“Hipster Culture” has officially lost its meaning

Let me set the scene for you: you’re sitting on a wooden chair, reading a tattered copy of Catcher in the Rye under the dim yellow light of the bare lightbulb that hangs above you. You take a sip of your turmeric latte, when something bright red catches the corner of your eye. You look up: it’s a lumberjack. Oh wait, never mind, it’s just another edgy man in his mid-thirties typing on his MacBook as he adjusts his man-bun. You notice his jeans are the same as yours, Urban Outfitters, 9,284 GBP (on sale). Just then, the waiter arrives with your smashed avocado on sourdough…

You know exactly what I’m talking about: the ironically familiar, yet “hipster” look most of us are in a love-hate relationship with (I’d take an iced matcha any day, but I’d probably mock you if you wore mismatched socks on purpose). A word once used to describe those who deviate from the norm and lead revolutionary movements, “hipster culture” has now evolved into a grossly commercial parody, and ironically, a trend in itself.

The word was coined in the 1940s to define those who rejected societal norms, namely middle-class white people wanting to join the “Jazz Age” movement. Later, the American novelist Norman Mailer defined hipsters in his essay “The White Negro”, describing them as the post-war white generation of rebels, disillusioned by the tragedies and horrors of World War 2. Ultimately, “hipster” was used to describe those who chose to “divorce [themselves] from society, to exist without roots, to set out on that uncharted journey into the rebellious imperatives of the self.”

Today, the word is thrown around a lot when describing the “trendies” – those who are anything but authentic in style. Anyone can be a hipster provided they buy the right oversized jacket and roll their own cigarettes, and thus it has become a carefully crafted fashion statement more than anything else.
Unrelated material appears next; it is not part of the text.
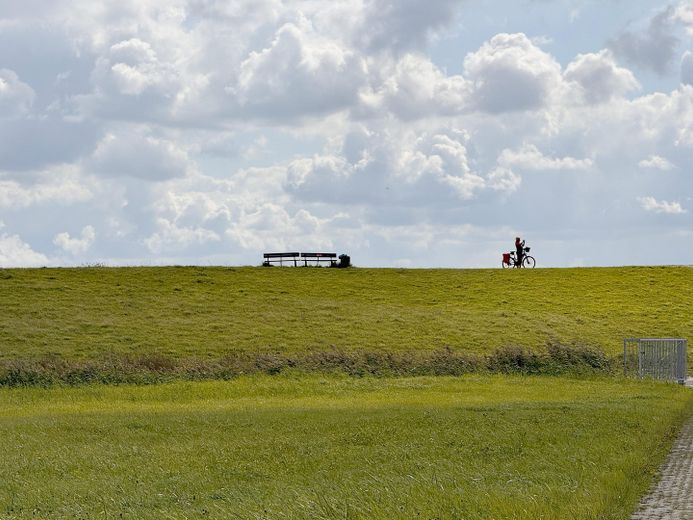 Elbdeich-Idylle bei Otterndorf – Landkreis Stade – Foto 37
There certainly are different types of hipster looks out there (the scruffy classics student, the au natural, the sporty and the all-American throwback to name a few), but the fact that we can categorize them only goes to prove the point. The significance of hipsters was the fact that they avoided labels altogether, yet nowadays, they dress the same, seek out the same places and conform to their non-conformity in a never-ending cycle of vintage accessories and “exotic” tattoos.

Hipster cafes are a prime example of what I’m talking about (Brew Lab being a personal favourite). They’re often called edgy, yet they provide familiar, comforting surroundings for a wealthy, mobile elite, who want to feel like they’re visiting somewhere “authentic”. They don’t realize that they’re just craving more of the same: more rustic interiors, creaky wooden floors, brick walls and sans-serif logos. Through replication and globalization, hipster cafes are almost just as popular as Starbucks, and are now found in all major cities. That doesn’t sound too unconventional to me.

People should, of course, dress and act however they want, whether it’s “revolutionary” or not. It just seems like “hipster” in its original sense is now a misnomer, or has changed meaning altogether for the purposes of this day and age. To an extent, it shows the power labels have on how we perceive others: we call something “hipster” and remain convinced that it has an authentic edge, but deep down we know that the mainstream has killed anything distinctive about hipster culture. What we’re left with is another category we can use to distinguish the “other”, or alternatively, to feel a sense of belonging and identity.

There’s one thing I know for sure: whatever the new hipster is, and as inauthentic as it may be, I’m not giving up my daily artisan roast coffee even if my life depended on it.